We should note, too, that this proposal has the support of professional bodies, including the National Sensory Impairment Partnership. Heads of services for children with sensory impairment have indicated that they would welcome greater scrutiny, because it allows them to demonstrate and emphasise the importance of their role.
I share the concerns raised by the noble Baroness, Lady Wilkins, that the commitment made in Committee that Ofsted be asked to carry out a review is insufficient, particularly if Ministers have already, apparently, ruled out inspection of local authority SEN provision. We have already had a one-off thematic review of support for deaf children, with the findings published in the Ofsted report, Communication is the Key. It looked at provision in three local authorities; it did not tell us much about the other 149 local authorities and, even in those three local authorities identified as having best practice, weaknesses were identified in their quality assurance and self-evaluation. For that reason, there is clearly real concern about what value or impact another broad, one-off thematic review will add. Instead, surely what is needed is the introduction of a robust inspection framework for all local authority SEN services.
I hope that the Minister, having listened to all this, has been persuaded by strong arguments in favour of the proposal.
My Lords, I, too, give my full support to the amendment moved by the noble Baroness, Lady Wilkins. I shall make three points in support. The amendment is inspired by Sense, the RNIB and the National Deaf Children’s Society. As vice-president of the RNIB, I declare my interest in that connection.
Nowadays, the majority of school-age children with sensory impairments attend mainstream provision and often rely on support from specialist visiting teachers and services. Whether the support comes from outside or inside the school, the development of mainstream provision for children with sensory impairment is of sufficiently recent origin for it to be the case that many schools in which children with sensory disabilities and impairments are being educated are still unfamiliar with the methods of educating children who are blind, deaf, or deafblind, and with the special skills that they need, the communication methods that they use, and how to inculcate those skills.

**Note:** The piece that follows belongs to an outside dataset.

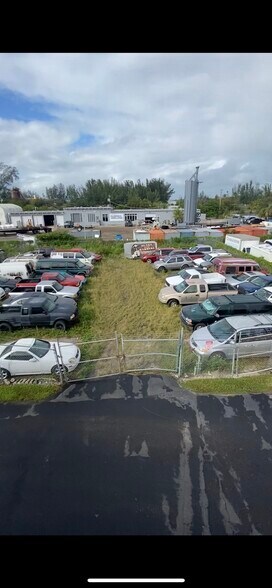 More Photos Of 7673 Hooper Rd, West Palm Beach Warehouse For Lease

It is vitally important that there should be a system of inspection to assure us that services are of an adequate quality. At an early stage of this transition to mainstream, services are not yet of the quality that we want to see; it is in the nature of the case that you do not always get services of the quality that you want just at the beginning of a new development. But I want to argue that the existence of a system of inspection and accountability is absolutely vital to raising standards and avoiding bad practice just by default. The lack of scrutiny afforded to these services places these children at risk of poor provision, particularly as mainstream teachers and schools are still unlikely to be familiar with the specific needs of children with sensory impairments.
The second point that I would like to make is that, in other areas, the department has already recognised the importance of strengthened accountability. In its response to the responses received to the consultation on secondary school accountability, the department stated:
“The most effective education systems around the world are those that have high levels of autonomy along with clear and robust accountability”.
That is the kind of point that we were trying to make in relation to the local offer in the first debate this afternoon. We want there to be local autonomy, but we want also to be satisfied that that is not developing as a postcode lottery and that too many services are not falling below the mark. We need a system of clear and robust accountability alongside the notion of local autonomy.